Brief:
In the copy, keep every record exact and leave out all images.

▼

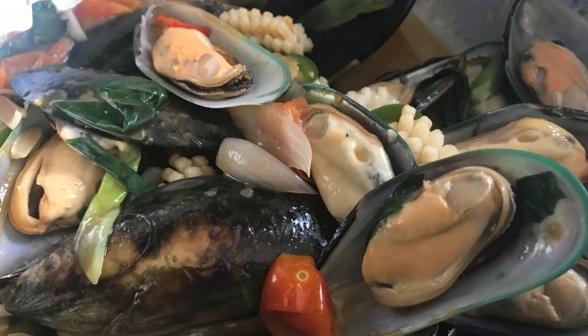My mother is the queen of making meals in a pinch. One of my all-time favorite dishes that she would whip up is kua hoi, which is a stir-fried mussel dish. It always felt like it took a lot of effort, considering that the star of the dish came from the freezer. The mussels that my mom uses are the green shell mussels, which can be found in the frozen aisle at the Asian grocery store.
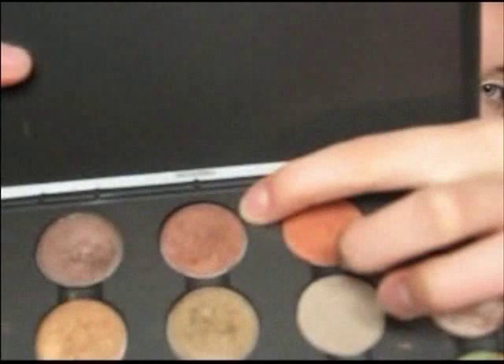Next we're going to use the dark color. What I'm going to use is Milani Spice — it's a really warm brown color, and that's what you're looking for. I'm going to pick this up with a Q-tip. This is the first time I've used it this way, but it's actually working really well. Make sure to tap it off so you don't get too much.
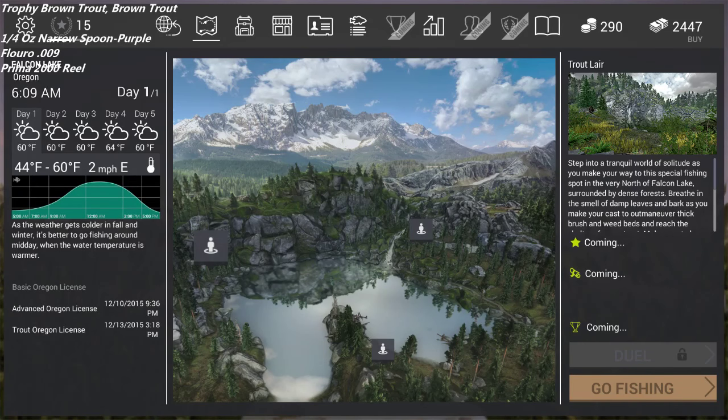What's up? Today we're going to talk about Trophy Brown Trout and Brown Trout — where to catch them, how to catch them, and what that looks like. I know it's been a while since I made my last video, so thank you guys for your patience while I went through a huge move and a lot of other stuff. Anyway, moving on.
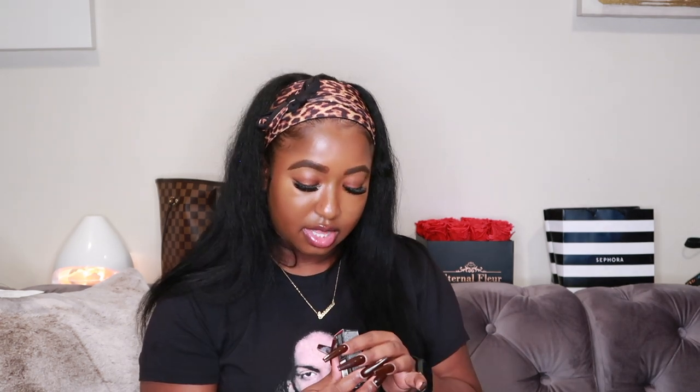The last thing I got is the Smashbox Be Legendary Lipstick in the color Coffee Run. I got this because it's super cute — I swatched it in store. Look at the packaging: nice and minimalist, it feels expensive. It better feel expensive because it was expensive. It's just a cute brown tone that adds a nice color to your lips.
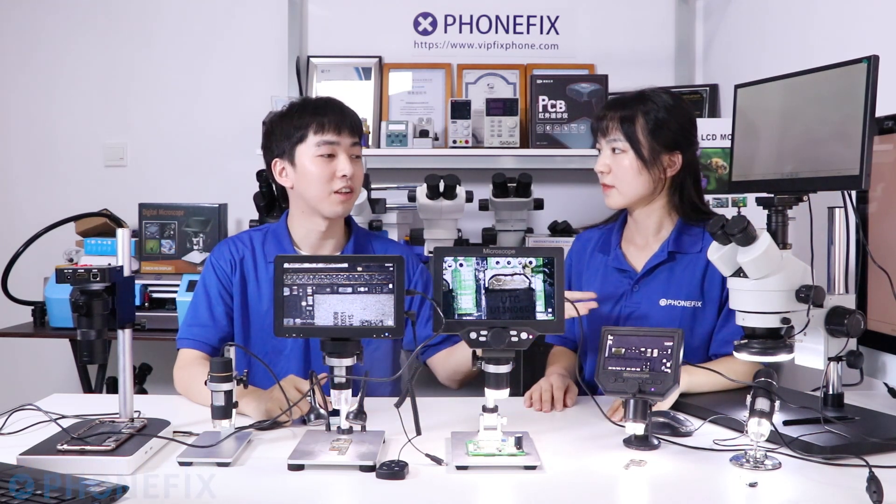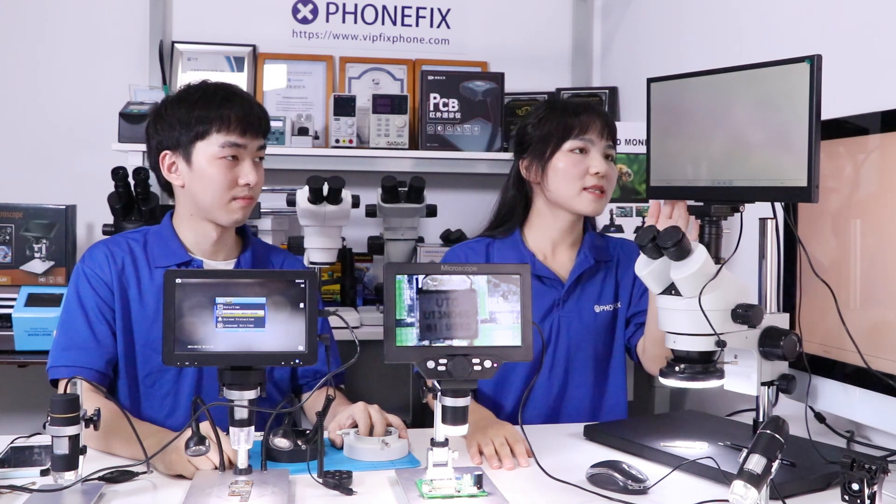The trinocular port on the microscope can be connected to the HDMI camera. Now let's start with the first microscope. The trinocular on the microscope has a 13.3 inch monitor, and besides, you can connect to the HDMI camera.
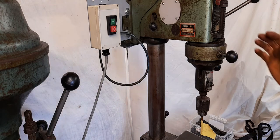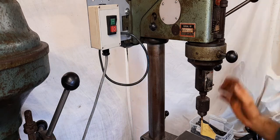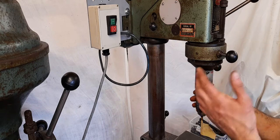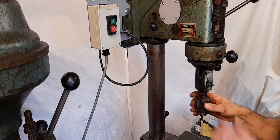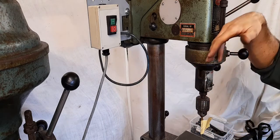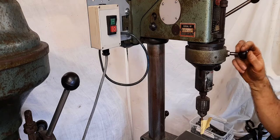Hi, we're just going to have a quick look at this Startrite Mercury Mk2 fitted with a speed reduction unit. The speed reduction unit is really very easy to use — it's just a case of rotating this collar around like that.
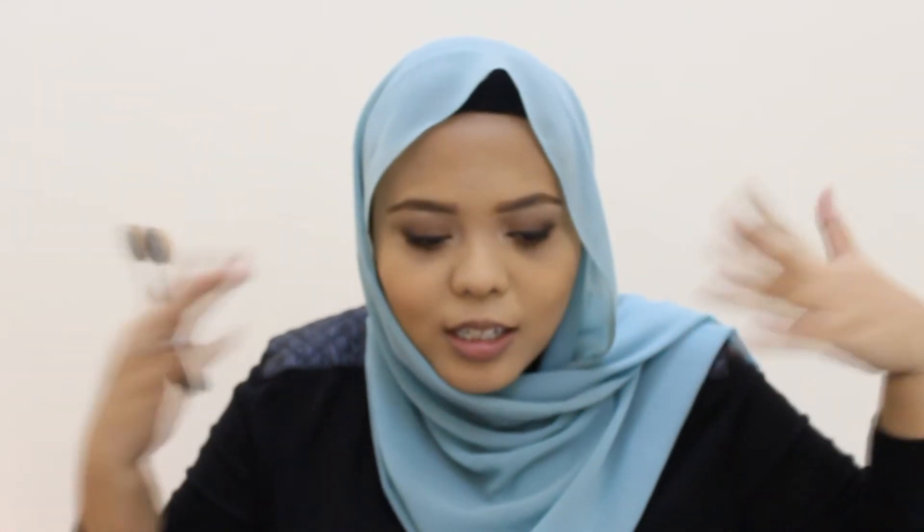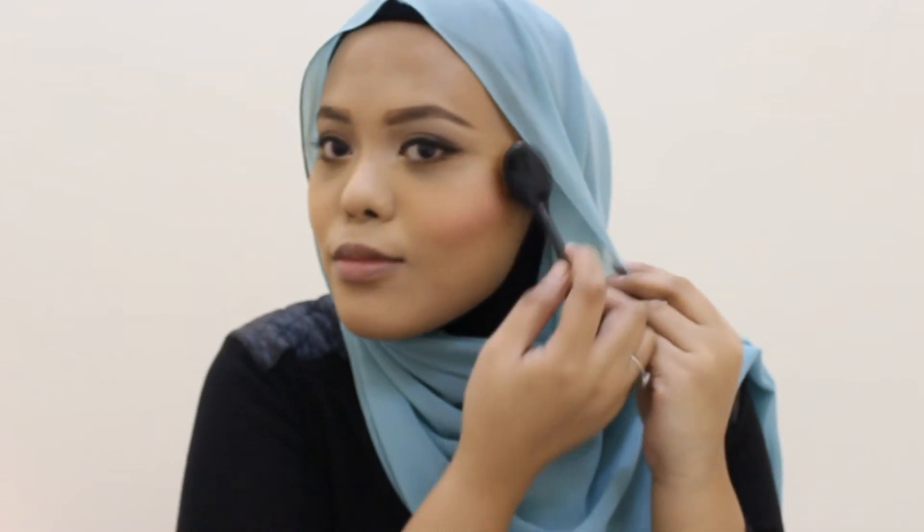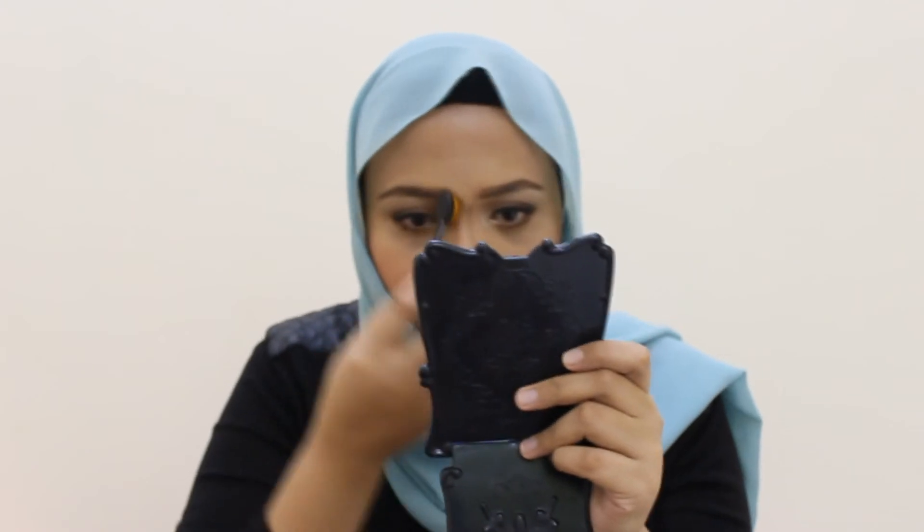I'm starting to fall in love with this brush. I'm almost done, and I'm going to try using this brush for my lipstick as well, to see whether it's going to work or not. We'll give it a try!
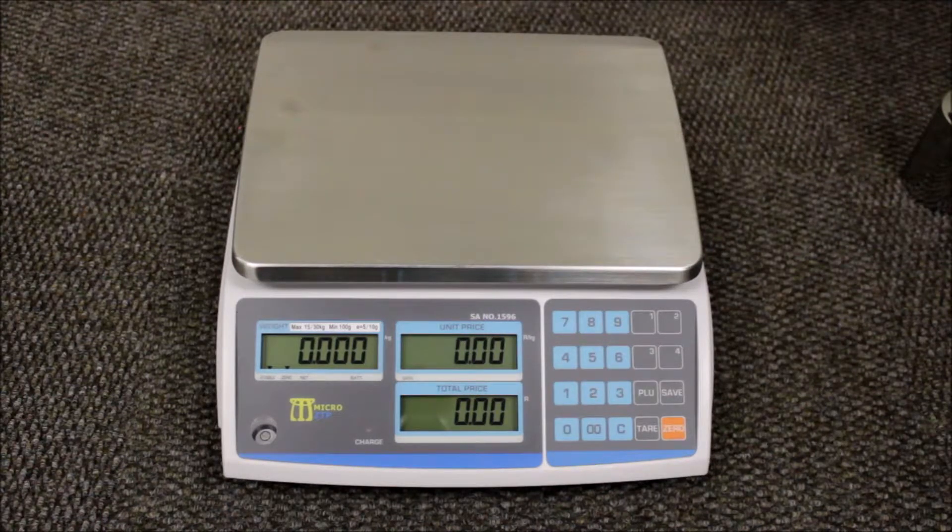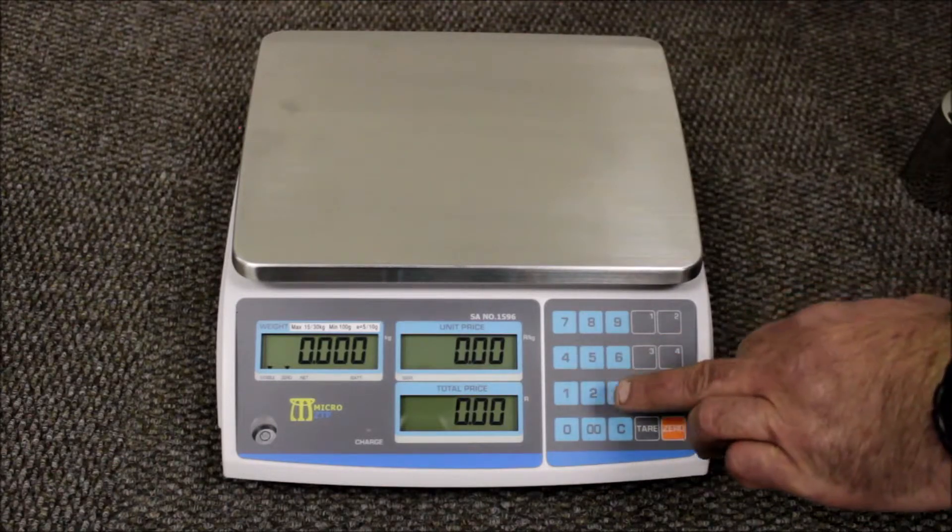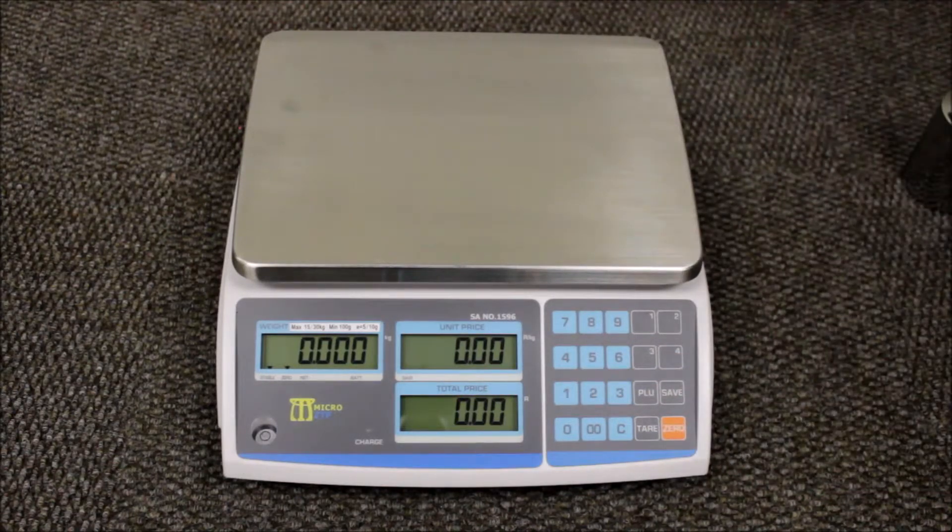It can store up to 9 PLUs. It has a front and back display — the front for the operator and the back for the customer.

▲

Solution:
My mother is the queen of making meals in a pinch. One of my all-time favorite dishes that she would whip up is kua hoi, which is a stir-fried mussel dish. It always felt like it took a lot of effort, considering that the star of the dish came from the freezer. The mussels that my mom uses are the green shell mussels, which can be found in the frozen aisle at the Asian grocery store.
Next we're going to use the dark color. What I'm going to use is Milani Spice — it's a really warm brown color, and that's what you're looking for. I'm going to pick this up with a Q-tip. This is the first time I've used it this way, but it's actually working really well. Make sure to tap it off so you don't get too much.
What's up? Today we're going to talk about Trophy Brown Trout and Brown Trout — where to catch them, how to catch them, and what that looks like. I know it's been a while since I made my last video, so thank you guys for your patience while I went through a huge move and a lot of other stuff. Anyway, moving on.
The last thing I got is the Smashbox Be Legendary Lipstick in the color Coffee Run. I got this because it's super cute — I swatched it in store. Look at the packaging: nice and minimalist, it feels expensive. It better feel expensive because it was expensive. It's just a cute brown tone that adds a nice color to your lips.
The trinocular port on the microscope can be connected to the HDMI camera. Now let's start with the first microscope. The trinocular on the microscope has a 13.3 inch monitor, and besides, you can connect to the HDMI camera.
Hi, we're just going to have a quick look at this Startrite Mercury Mk2 fitted with a speed reduction unit. The speed reduction unit is really very easy to use — it's just a case of rotating this collar around like that.
I'm starting to fall in love with this brush. I'm almost done, and I'm going to try using this brush for my lipstick as well, to see whether it's going to work or not. We'll give it a try!
It can store up to 9 PLUs. It has a front and back display — the front for the operator and the back for the customer.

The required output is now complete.